人間関係のわだかまりを解く「受け止め方」のヒント 電通広告マンが、親友との“絶交の危機”で得た気付き

本屋B&Bにて、『それ、勝手な決めつけかもよ?だれかの正解にしばられない「解釈」の練習』(ディスカヴァー・トゥエンティワン)刊行記念イベントが開催されました。本セッションでは、著者の阿部広太郎氏と、文筆家・田中泰延氏の対談の模様をお届けします。「解釈」の仕方で、考え方や行動を変えることができると説く阿部氏。本記事では、本を書く支えになったハミングウェイの言葉や、人間関係における「決めつけ」について語られました。

書くことを支えてくれた、ヘミングウェイの言葉

阿部:そうしたら、次のトークテーマにいきます。我々はいつも、「勝手に決めつけてしまうこと」があるんじゃないかなと思っています。

僕も泰延さんも、なにか物事を書いて人に伝えたり、文章を読んでもらったりする仕事をしていますけど、僕自身は書いている途中に、自分への期待値が超上がっちゃって、ガチガチになってしまって、にっちもさっちもいかないというか、書くのが怖くなったような瞬間がありまして。

田中:それはみんなそうでしょ。俺もそうよ。

阿部:(笑)。

田中:ぜんぜん書けないもん。

阿部:そうなんです。泰延さんも昨日の配信のイベント(『僕たちはむつかしいことはわからない』)でおっしゃっていたように、原稿をいかに書いていくか、すごく考えられていらっしゃると思うんですけれども。
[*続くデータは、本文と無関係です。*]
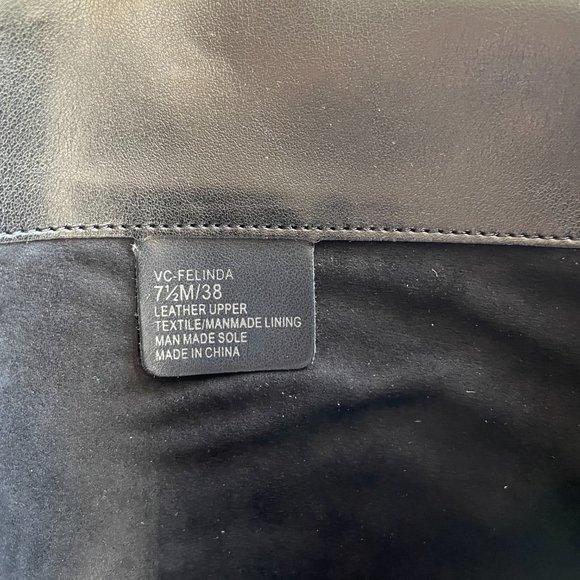 SOLD-Vince Camuto Black Felinda High Heeled Leather Boots - Picture 8 of 8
このヘミングウェイの言葉を初めて知って、すごく勇気付けられたことがあって。「初稿は例外なくクソだ」と。

田中:(大爆笑)。

阿部:本の中には書かなかったんですけど、めちゃくちゃ勇気付けられたんですよ。

田中:いい言葉ですね(笑)。

阿部:この言葉に支えられていたと言っても過言ではないぐらいです。書いている途中から、「これでいいのかな?」とか「これ大丈夫かな?」とか。それこそ土日の午後1時からドトールやエクセルシオールに行って書くんですけど、なんか途中で「ああだめだ」となっちゃって、1ページも進まなかったみたいな時があるんです。

田中:僕も毎日そうですよ。コメダ珈琲に行って、シロノワールしか食っていない。

阿部:わあ(笑)。

田中:最後帰るときは、原稿を書きに来たんじゃなくてシロノワール食べに来たことにすり替えていますから。

阿部:(笑)。

田中:1枚も書いていないけど「シロノワール食べられてよかった」って。

『読みたいことを、書けばいい』の初稿は、頭の中で書いていた?

阿部:でも、その時にハードルをめちゃくちゃ下げてくれたというか。ヘミングウェイという、ものすごくたくさんの作品を残されている人が、「クソだ」と言っている。つまり、「まずは書いてみることが大事なんだ」と言ってくれているような気がしていて。

田中:これは額に掘る。鏡を見たら見えるように、逆文字で。

阿部:(笑)。

田中:それはそうだよね。

阿部:そうなんですよ。まず初稿を書いて磨いていけばいいというか、直していけばいいと受け取りました。きっと泰延さんも、『読みたいことを、書けばいい』の時は、何回も推敲して書き上げていったんじゃないですか?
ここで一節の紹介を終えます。